• _WORK TO BE COMPLETED_: Strip the pictures and reproduce the rest of the listing exactly.
(Beginning of DATA FOR THIS TASK)
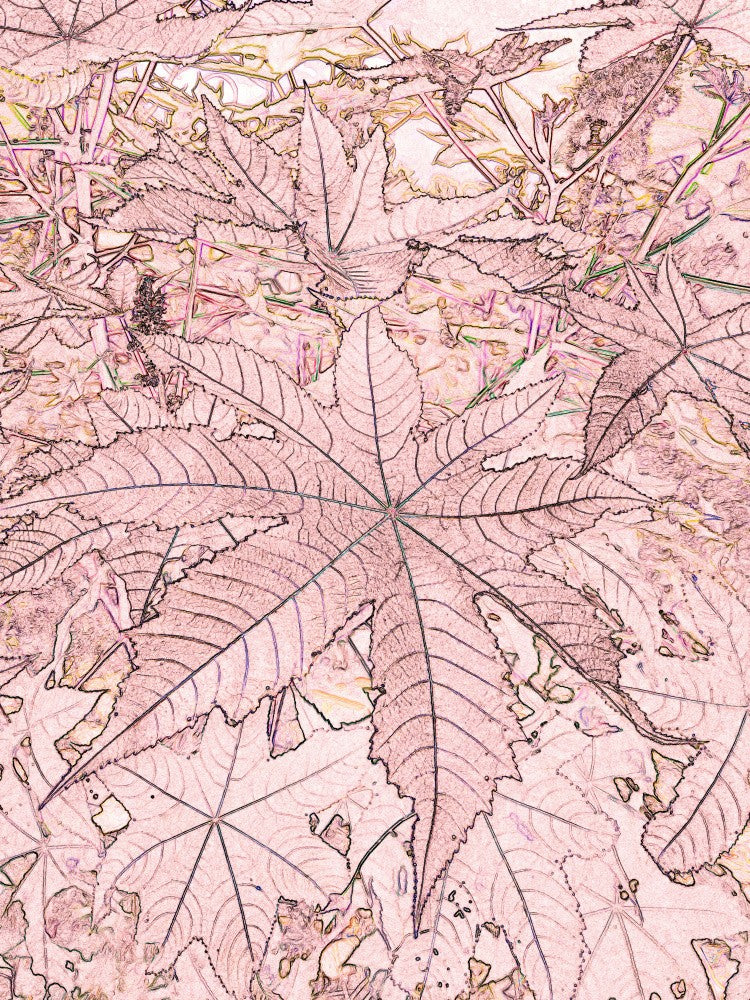 Blushing Leaves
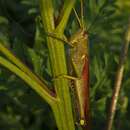 Image of Obscure Bird Grasshopper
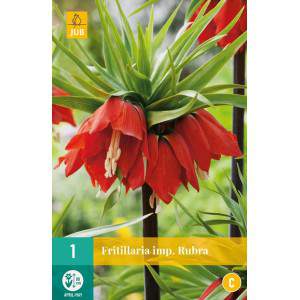 Bulbi de Fritillaria imperialis rubra maxima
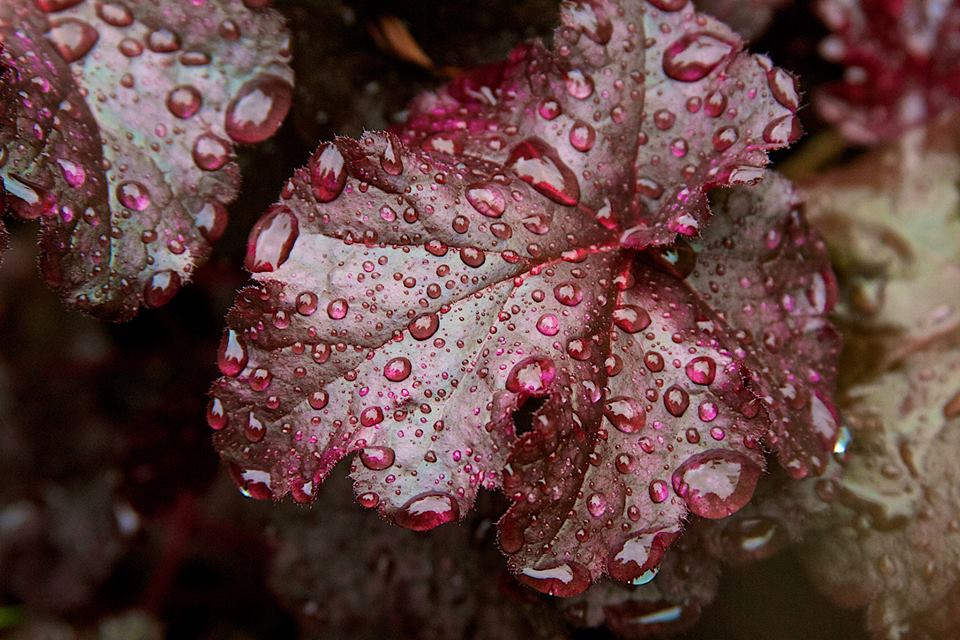 photo by Josh Scholten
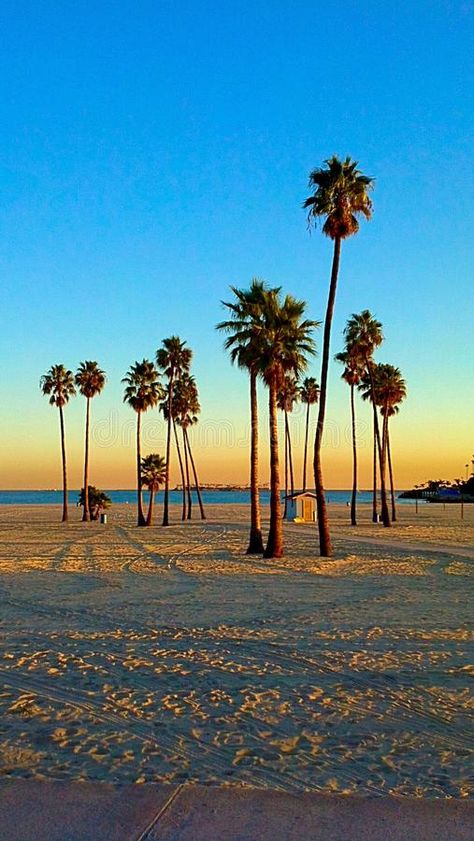 Long Beach. CA Cali California sunset afternoon evening dusk twilight Palm tree , #Aff, #evening, #afternoon, #dusk, #Palm, #twilight #ad Long Beach California Photography, Lilly + Core + Aesthetic, American Dreams, California Palm Trees, 2024 Goals, Patterns Art, Beach Tattoo, California Sunset, Long Beach California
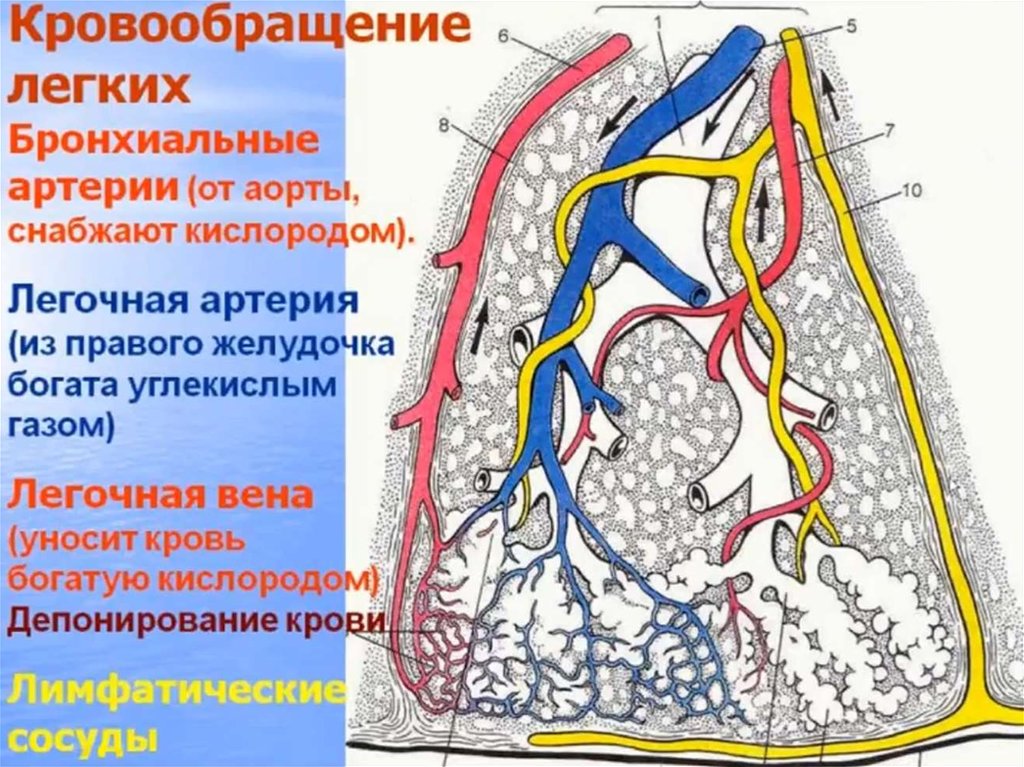 Легочное кровообращение характеристика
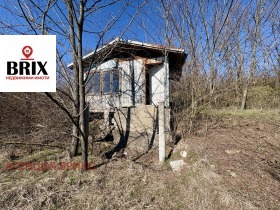 ������ ������� ����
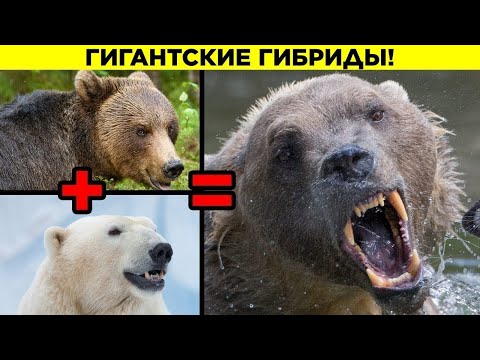 Видео: Самые Жуткие Гибриды Животных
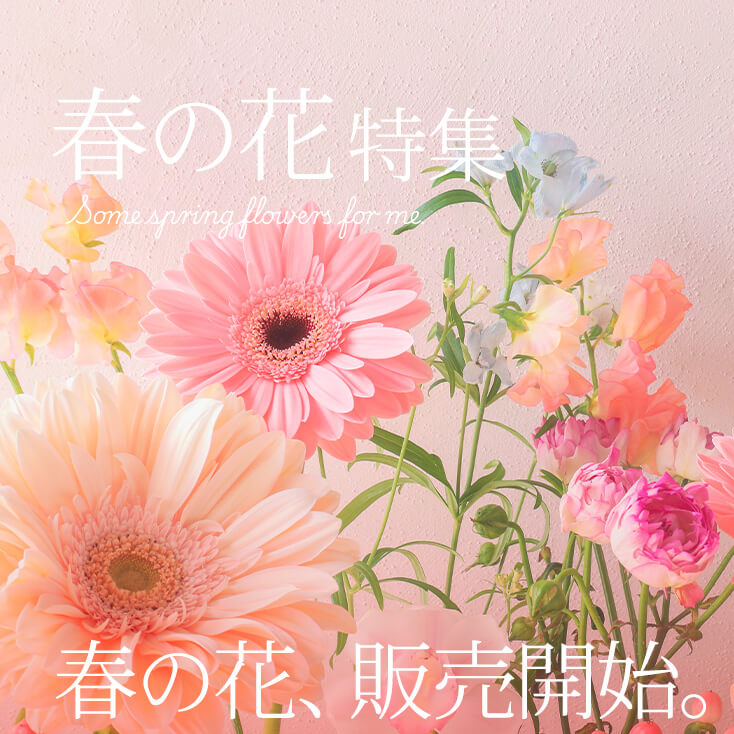 �t�̉ԃM�t�g�E�v���[���g���W2026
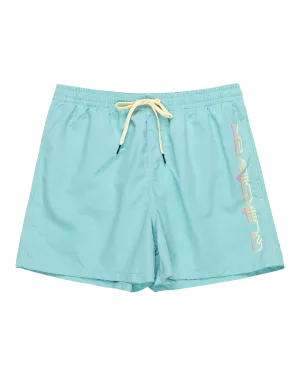 Behind Waves Volley Shorts in Marine Blue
(End of DATA FOR THIS TASK)
• _PROBLEM SOLUTION_:
 Blushing Leaves
 Image of Obscure Bird Grasshopper
 Bulbi de Fritillaria imperialis rubra maxima
 photo by Josh Scholten
 Long Beach. CA Cali California sunset afternoon evening dusk twilight Palm tree , #Aff, #evening, #afternoon, #dusk, #Palm, #twilight #ad Long Beach California Photography, Lilly + Core + Aesthetic, American Dreams, California Palm Trees, 2024 Goals, Patterns Art, Beach Tattoo, California Sunset, Long Beach California
 Легочное кровообращение характеристика
 ������ ������� ����
 Видео: Самые Жуткие Гибриды Животных
 �t�̉ԃM�t�g�E�v���[���g���W2026
 Behind Waves Volley Shorts in Marine Blue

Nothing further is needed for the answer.